I’m currently studying the juce-Convolution, currently only the internal ConvolutionEngine-struct.

The algorithm has a special adaption to user bigger chunks of impulse data (relative to input data) when used with smaller buffer sizes "blockSize > 128”. It uses then FFT-blocks which are 4x bigger than the block-size instead of 2x bigger.

In this case more overlap data is created, which is preserved for later operations.

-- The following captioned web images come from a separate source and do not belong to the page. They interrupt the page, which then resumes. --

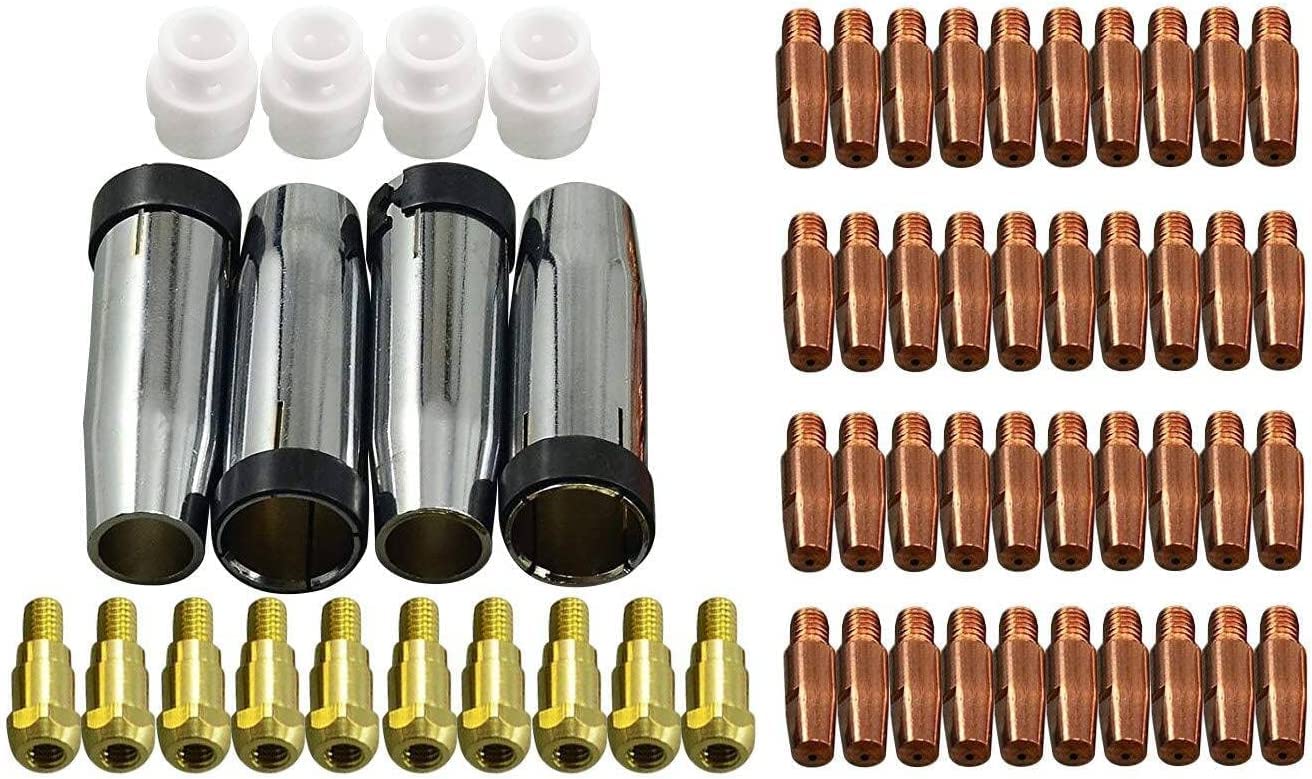 RIVERWELD 24KD MB24 Contact Tip .035" Conical Gas Nozzle Tip Holder Fit 24KD MB24 MIG MAG Co2 Welding Torch 59pcs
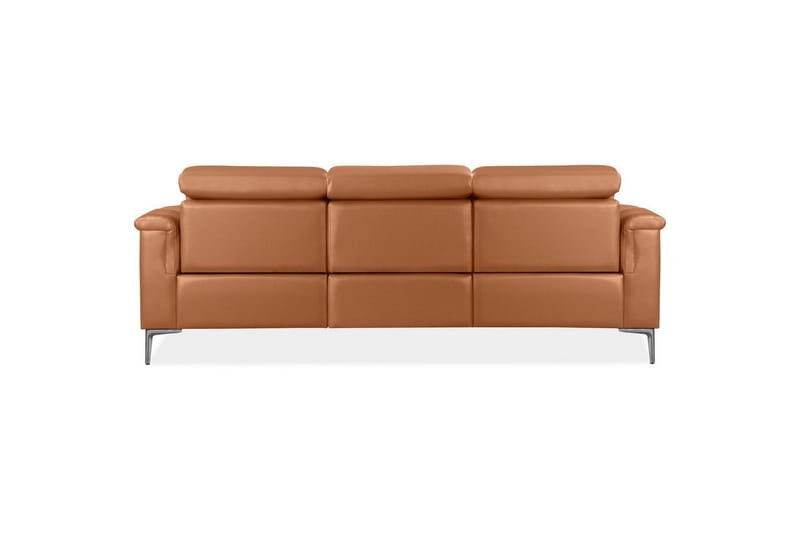 Sofa 3-sæders Lund Cognac, Læder/PU, Manuel liggestol - Cognac, Læder/PU, Manuel liggestol - Møbler - Sofaer - 3 personers sofa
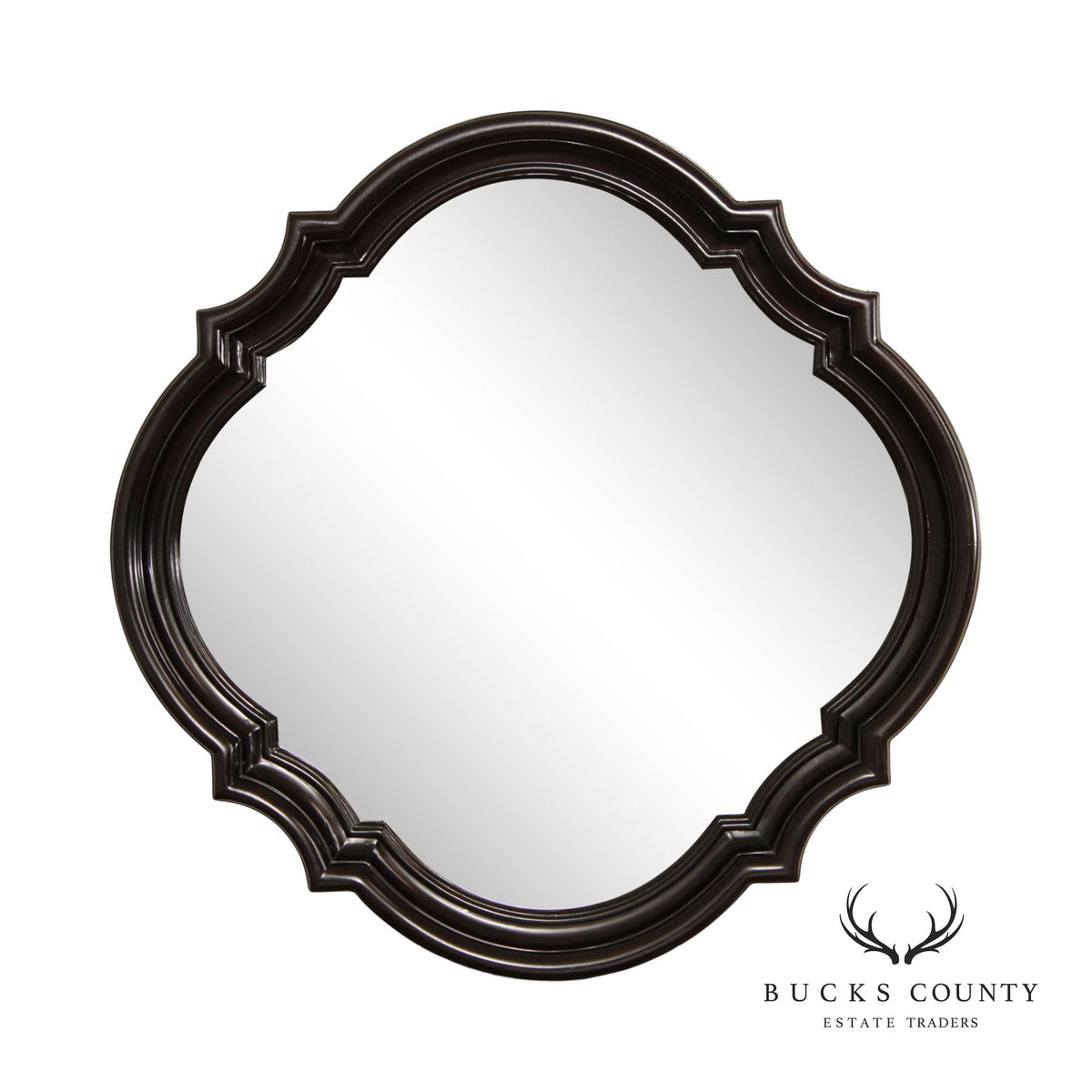 Vintage Quatrefoil Carved Wood Frame Wall Mirror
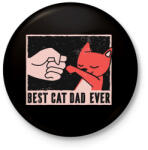 printfashion Cat dad - Kitűző, hűtőmágnes - Fekete (3101796)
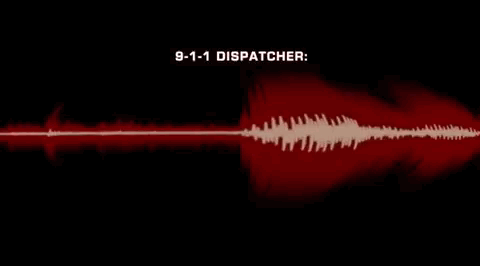 A transcript of a 911 call. A sound wave appears as a dispatcher and caller discuss an emergency.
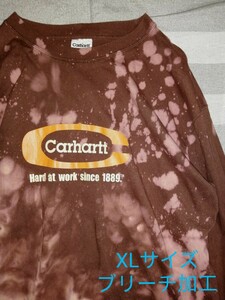 XLサイズ　Carhartt　ブリーチ加工ロングTシャツ　ローズブラウン系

I see theoretical benefit from it, but only if the impulse-response is at least four times bigger than the block-size (in my simplified model I assume that FFT-calculation time is proportional to the FFT-size, and the engine is fed with optimal aligned input-blocks)

fftSize = BlockSize * 2
processingTime = roundup(IRSize / BlockSize) * fftSize

Vs adapted

fftSize = BlockSize * 4
processingTime = roundup(IRSize / (fftSize-blockSize)) * fftSize

Imho the condition for this adaption should not dependent on the size of the block "blockSize > 128”, instead it should be “irsamples > (blocksize * 4)

These are theoretical thoughts, probably only @reuk and @fr810 can say something about it, because they wrote the engine :smiley:

struct ConvolutionEngine
    ConvolutionEngine (const float* samples,
                       size_t numSamples,
                       size_t maxBlockSize)
        : blockSize ((size_t) nextPowerOfTwo ((int) maxBlockSize)),
          fftSize (blockSize > 128 ? 2 * blockSize : 4 * blockSize),
          fftObject (std::make_unique<FFT> (roundToInt (std::log2 (fftSize)))),
          numSegments (numSamples / (fftSize - blockSize) + 1u),
          numInputSegments ((blockSize > 128 ? numSegments : 3 * numSegments)),

Is it planned to transform the whole engine to use templates to support double-precision in the near future?

I wasn’t involved with the construction of the engine - I just rewrote some of the setup code in an effort to make it a bit more thread-safe.

@IvanC might be able to provide more insight.

1 Like


If I remember well, I came up with this condition because the FFT calculus is not the slowest operation in this context, but the multiplications side. Having a higher FFT size with fftSize = blockSize*4 when blockSize is low and IR size high enough reduces significantly the number of convolutions you have to do per block.

However, I think even better conditions for this could be found with some benchmarking. I think one of my own engines uses something like:
fftSize (blockSize <= 128 && numSamples >= 8192 ? 4 * blockSize : 2 * blockSize)

instead of :
fftSize (blockSize > 128 ? 2 * blockSize : 4 * blockSize)

(and same condition for numInputSegments)

For double precision support, I guess it might not be something complicated to do, but the JUCE wrapper would have to check additionally if the wrapped FFT libraries support properly double precision.


Thanks for the insight! :slight_smile:

1 Like